■ EXERCISE PROMPT
No pictures belong in the copy, but every line of the material below must be reproduced exactly.

■ RECORDED DATA
# # # # # # #

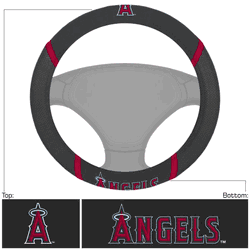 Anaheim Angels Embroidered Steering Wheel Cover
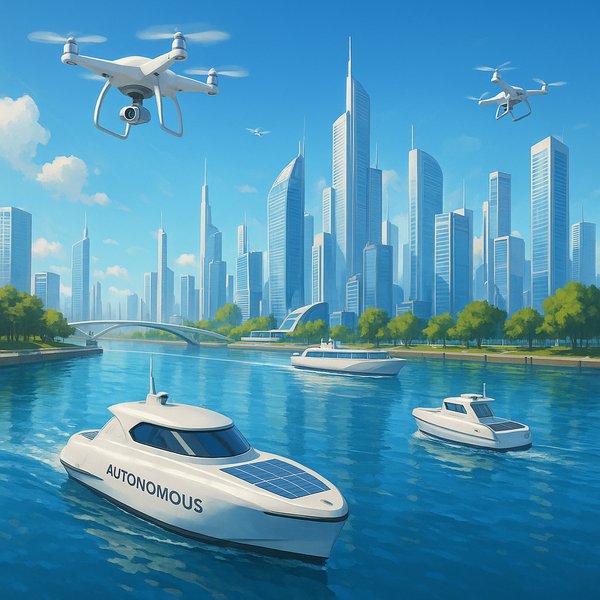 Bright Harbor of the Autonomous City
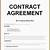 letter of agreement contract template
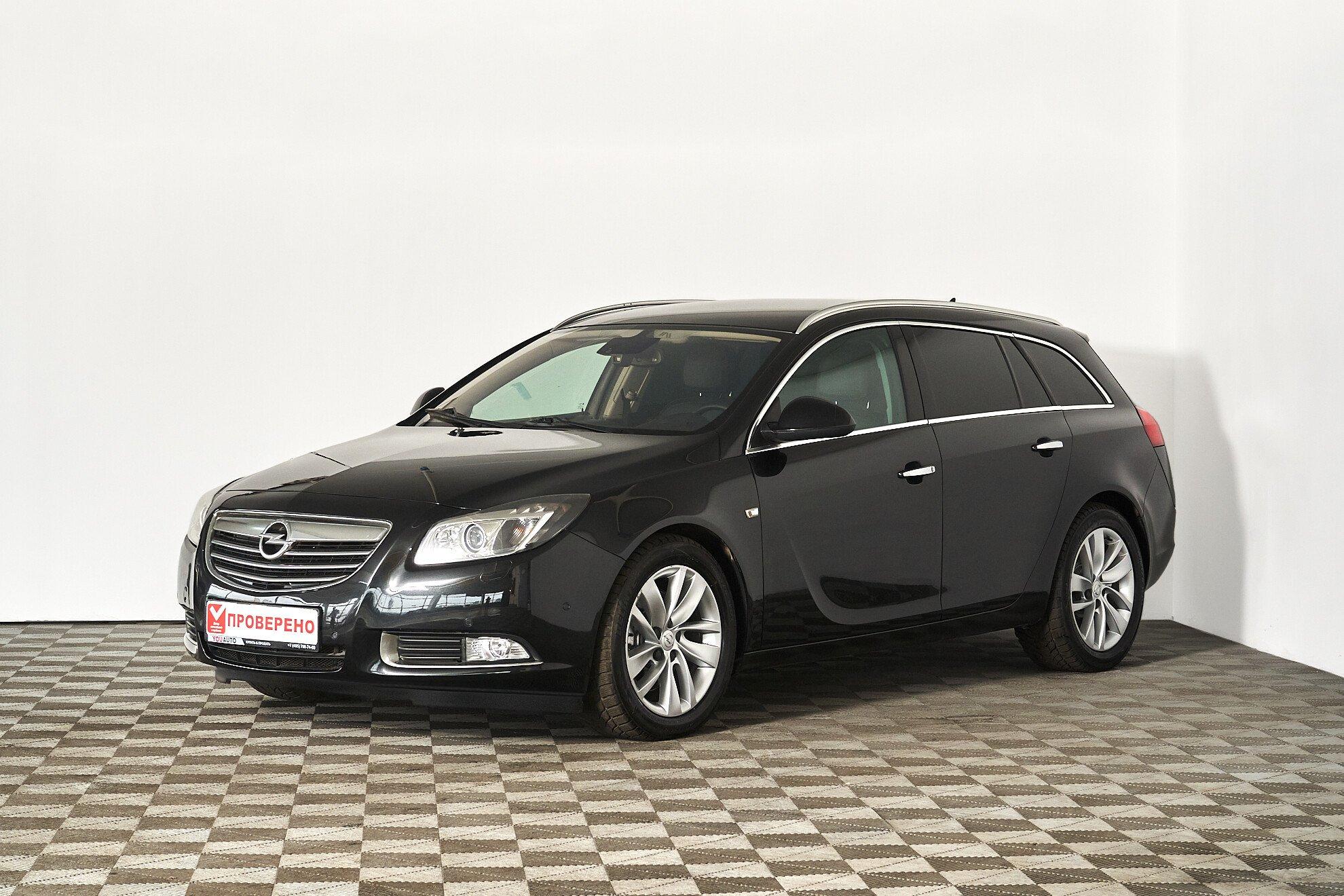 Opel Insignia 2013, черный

# # # # # # #

■ ANSWER FOR THE TASK
 Anaheim Angels Embroidered Steering Wheel Cover
 Bright Harbor of the Autonomous City
 letter of agreement contract template
 Opel Insignia 2013, черный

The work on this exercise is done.